Workers at a wind farm in Norfolk were evacuated Tuesday morning after an offshore turbine caught fire and plumes of black smoke billowed into the sky.
Part of a wind turbine at the Scroby Sands site caught fire around 10.50am this morning and a witness said he saw the smoke coming from Lowestoft, East Suffolk – about 10 miles away.
Filmmaker Liam Killett, 29, said he was “surprised and shocked” when he saw the smoke as he was walking on a break from work. “I was just starting my lunchtime walk when I saw this and snapped it right away,” he said.
“[I was]We were surprised that there were no service boats but assumed they were on the move as we had seen such a busy service area around these boats lately.”

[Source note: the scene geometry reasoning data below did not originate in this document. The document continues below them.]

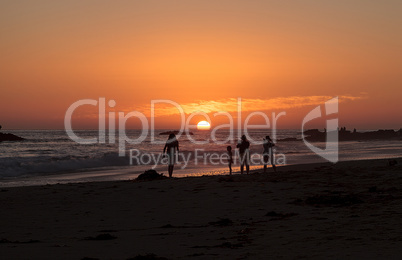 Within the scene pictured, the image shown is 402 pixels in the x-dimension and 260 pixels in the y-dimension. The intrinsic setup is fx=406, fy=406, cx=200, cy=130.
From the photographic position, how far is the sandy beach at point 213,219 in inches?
237

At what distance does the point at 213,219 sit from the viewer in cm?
888

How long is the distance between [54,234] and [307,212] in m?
5.30

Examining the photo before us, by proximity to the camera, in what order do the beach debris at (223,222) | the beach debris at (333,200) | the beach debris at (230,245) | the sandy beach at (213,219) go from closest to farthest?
the sandy beach at (213,219) < the beach debris at (230,245) < the beach debris at (223,222) < the beach debris at (333,200)

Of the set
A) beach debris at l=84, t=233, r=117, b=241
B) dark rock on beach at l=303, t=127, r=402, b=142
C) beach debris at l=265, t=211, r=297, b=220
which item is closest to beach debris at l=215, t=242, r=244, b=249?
beach debris at l=84, t=233, r=117, b=241

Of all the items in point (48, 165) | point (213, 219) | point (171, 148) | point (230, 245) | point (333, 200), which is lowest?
point (48, 165)

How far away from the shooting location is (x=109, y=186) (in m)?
14.9

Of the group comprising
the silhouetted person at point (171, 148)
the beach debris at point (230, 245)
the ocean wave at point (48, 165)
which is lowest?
the ocean wave at point (48, 165)

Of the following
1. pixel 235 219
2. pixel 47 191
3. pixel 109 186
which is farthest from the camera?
pixel 109 186

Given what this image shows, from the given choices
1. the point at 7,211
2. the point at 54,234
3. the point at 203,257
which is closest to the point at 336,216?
the point at 203,257

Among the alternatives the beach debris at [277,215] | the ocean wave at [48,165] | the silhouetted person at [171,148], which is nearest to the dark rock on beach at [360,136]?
the ocean wave at [48,165]

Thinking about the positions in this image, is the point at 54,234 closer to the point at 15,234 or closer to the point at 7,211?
the point at 15,234

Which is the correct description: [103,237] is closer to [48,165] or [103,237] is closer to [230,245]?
[230,245]

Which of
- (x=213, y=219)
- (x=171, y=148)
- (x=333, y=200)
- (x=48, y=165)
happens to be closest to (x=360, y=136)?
(x=48, y=165)

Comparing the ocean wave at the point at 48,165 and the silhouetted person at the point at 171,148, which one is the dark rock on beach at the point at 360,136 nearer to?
the ocean wave at the point at 48,165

He added: “[In the] Several ships have been out there in the past few weeks. I saw that the fire was on the way down and not up so I didn’t report it. “When I finished my hiking route I stopped by again for one last look and it had stopped.
A family, who asked not to be named, said they arrived at the beach around 10:50 a.m. “The turbine was already on fire at this point,” said the woman Eastern Daily Press.

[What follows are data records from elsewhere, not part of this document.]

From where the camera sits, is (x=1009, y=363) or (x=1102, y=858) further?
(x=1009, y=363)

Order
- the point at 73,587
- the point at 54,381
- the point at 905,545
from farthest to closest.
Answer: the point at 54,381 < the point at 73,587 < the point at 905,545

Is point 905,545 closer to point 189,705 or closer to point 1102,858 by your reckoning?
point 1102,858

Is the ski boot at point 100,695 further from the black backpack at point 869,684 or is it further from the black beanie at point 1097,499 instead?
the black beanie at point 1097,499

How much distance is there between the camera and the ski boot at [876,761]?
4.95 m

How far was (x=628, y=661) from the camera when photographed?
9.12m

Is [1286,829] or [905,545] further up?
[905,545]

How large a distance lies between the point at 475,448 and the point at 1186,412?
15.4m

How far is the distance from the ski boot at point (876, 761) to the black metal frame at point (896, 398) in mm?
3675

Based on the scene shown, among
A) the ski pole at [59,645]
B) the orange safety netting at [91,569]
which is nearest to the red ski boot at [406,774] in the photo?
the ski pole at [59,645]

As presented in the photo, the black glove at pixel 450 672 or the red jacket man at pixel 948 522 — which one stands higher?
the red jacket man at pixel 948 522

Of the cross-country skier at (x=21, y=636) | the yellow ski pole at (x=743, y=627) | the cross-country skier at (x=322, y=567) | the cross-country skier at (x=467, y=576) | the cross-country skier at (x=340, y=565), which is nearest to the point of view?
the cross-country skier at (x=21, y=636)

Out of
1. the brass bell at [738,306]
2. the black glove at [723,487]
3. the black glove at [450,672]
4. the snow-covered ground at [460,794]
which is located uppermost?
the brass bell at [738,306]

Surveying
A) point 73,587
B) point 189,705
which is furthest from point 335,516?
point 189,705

“We could see things falling off the back of the tip and also going into the sea.” The woman added that the hoisting equipment was closer to the wind farm at the time, but not near the turbine.

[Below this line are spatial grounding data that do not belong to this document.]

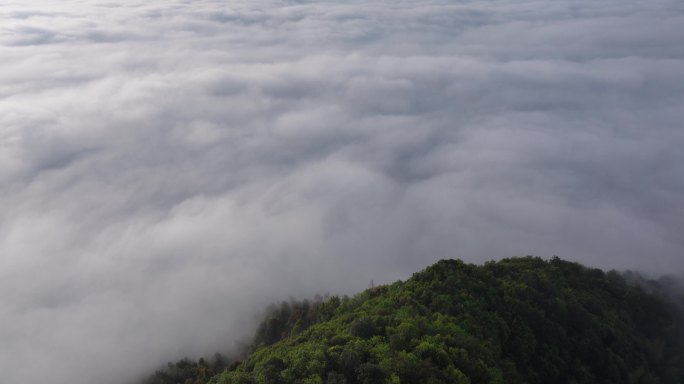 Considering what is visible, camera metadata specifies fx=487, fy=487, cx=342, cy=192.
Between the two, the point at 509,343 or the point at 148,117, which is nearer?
the point at 509,343

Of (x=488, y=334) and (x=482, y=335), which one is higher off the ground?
(x=482, y=335)

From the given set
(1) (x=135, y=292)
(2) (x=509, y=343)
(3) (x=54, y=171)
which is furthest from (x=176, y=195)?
(2) (x=509, y=343)

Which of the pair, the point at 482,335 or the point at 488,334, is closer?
the point at 482,335

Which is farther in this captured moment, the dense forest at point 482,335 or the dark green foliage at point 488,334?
the dense forest at point 482,335

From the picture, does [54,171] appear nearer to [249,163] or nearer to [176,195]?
[176,195]

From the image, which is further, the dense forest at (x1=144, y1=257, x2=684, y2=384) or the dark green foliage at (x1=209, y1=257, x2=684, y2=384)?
the dense forest at (x1=144, y1=257, x2=684, y2=384) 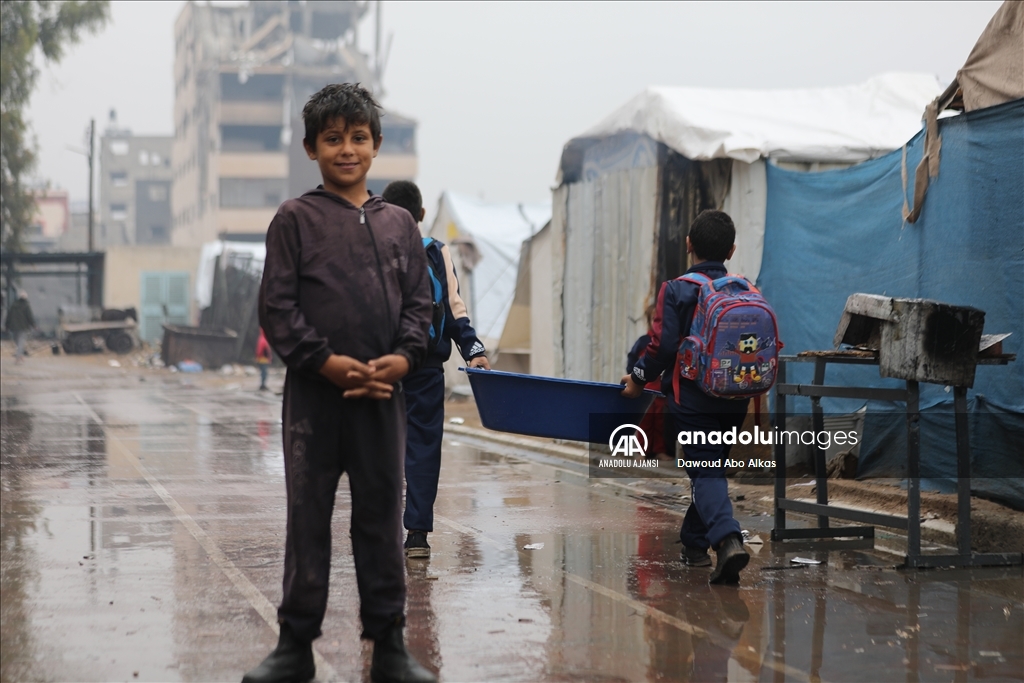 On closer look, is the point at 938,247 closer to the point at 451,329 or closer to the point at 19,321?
the point at 451,329

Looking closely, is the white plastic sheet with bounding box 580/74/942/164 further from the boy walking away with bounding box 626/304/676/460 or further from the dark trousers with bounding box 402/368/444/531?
the dark trousers with bounding box 402/368/444/531

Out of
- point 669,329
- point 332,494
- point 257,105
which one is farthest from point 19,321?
point 257,105

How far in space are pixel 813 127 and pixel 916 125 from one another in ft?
3.89

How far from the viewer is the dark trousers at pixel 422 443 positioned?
21.0 feet

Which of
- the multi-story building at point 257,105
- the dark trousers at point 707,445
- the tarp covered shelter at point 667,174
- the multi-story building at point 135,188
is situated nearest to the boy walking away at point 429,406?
the dark trousers at point 707,445

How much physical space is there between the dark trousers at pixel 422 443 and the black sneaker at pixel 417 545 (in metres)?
0.05

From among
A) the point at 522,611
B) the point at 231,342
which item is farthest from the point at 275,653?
the point at 231,342

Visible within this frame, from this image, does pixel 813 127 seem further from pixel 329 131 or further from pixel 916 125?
pixel 329 131

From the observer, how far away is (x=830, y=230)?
31.5 ft

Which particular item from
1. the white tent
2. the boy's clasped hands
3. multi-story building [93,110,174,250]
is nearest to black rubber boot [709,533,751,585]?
the boy's clasped hands

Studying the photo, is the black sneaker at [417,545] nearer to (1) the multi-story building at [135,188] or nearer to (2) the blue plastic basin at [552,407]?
(2) the blue plastic basin at [552,407]

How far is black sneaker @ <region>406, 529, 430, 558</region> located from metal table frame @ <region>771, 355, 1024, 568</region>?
220 cm

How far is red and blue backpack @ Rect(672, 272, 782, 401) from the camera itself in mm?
5805

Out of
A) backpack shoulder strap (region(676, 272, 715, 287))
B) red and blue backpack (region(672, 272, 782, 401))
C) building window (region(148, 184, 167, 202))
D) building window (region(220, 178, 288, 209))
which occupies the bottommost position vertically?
red and blue backpack (region(672, 272, 782, 401)) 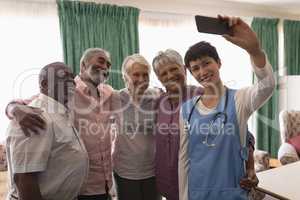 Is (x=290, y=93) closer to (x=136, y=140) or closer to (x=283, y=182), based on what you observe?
(x=283, y=182)

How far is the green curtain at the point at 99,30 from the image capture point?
3.20 metres

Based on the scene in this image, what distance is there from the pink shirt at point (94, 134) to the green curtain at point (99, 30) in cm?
151

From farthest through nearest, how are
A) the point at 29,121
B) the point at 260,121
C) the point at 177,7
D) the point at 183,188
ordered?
the point at 260,121, the point at 177,7, the point at 183,188, the point at 29,121

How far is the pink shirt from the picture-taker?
175 cm

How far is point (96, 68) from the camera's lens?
→ 1.84 m

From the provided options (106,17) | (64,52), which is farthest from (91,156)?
(106,17)

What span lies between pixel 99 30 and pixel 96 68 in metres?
1.64

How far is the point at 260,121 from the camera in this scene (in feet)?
15.3

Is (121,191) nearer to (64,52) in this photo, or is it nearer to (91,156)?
(91,156)

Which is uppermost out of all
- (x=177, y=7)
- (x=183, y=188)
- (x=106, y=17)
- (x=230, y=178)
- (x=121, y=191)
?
(x=177, y=7)

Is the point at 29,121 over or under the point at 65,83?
under

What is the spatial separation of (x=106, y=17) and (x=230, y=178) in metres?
2.65

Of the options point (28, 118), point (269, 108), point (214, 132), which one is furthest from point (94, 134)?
point (269, 108)

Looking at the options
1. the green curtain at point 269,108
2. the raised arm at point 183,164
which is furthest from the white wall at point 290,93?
the raised arm at point 183,164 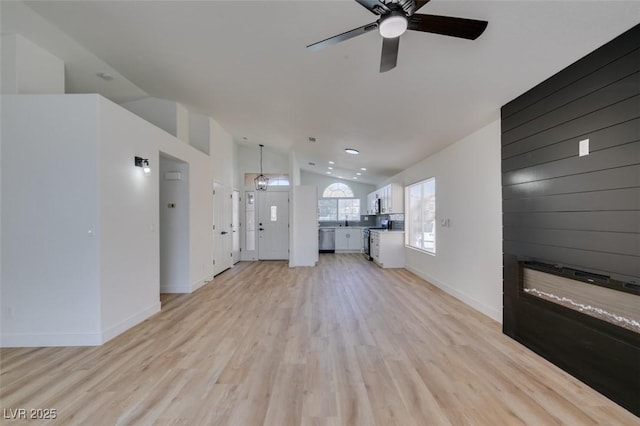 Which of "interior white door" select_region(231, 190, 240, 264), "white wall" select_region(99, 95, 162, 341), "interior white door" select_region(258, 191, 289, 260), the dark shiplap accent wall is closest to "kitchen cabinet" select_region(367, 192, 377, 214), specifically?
"interior white door" select_region(258, 191, 289, 260)

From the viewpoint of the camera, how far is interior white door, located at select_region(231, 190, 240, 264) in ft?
24.4

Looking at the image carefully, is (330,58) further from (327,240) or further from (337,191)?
(337,191)

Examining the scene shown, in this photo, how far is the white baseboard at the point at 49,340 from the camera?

RWE, the Germany-based company that runs the turbines and is about 2.5km off the coast of Great Yarmouth, said its entire staff had been evacuated and held accountable and that it immediately called the emergency services and the UK Coastguard The situation was under control and was being monitored.
A spokesman for RWE, which operates the turbines, said the fire, which was extinguished, was started by a component at the top of the turbine.
The turbines were taken out of service so checks could take place. RWE said it hoped they would resume operations and supply power on Wednesday.
The Scroby Sands offshore wind farm was opened by E-ON in 2004. When the site first opened, it had 30 turbines that would provide an estimated 60 MW of renewable energy – enough to power around 41,000 homes.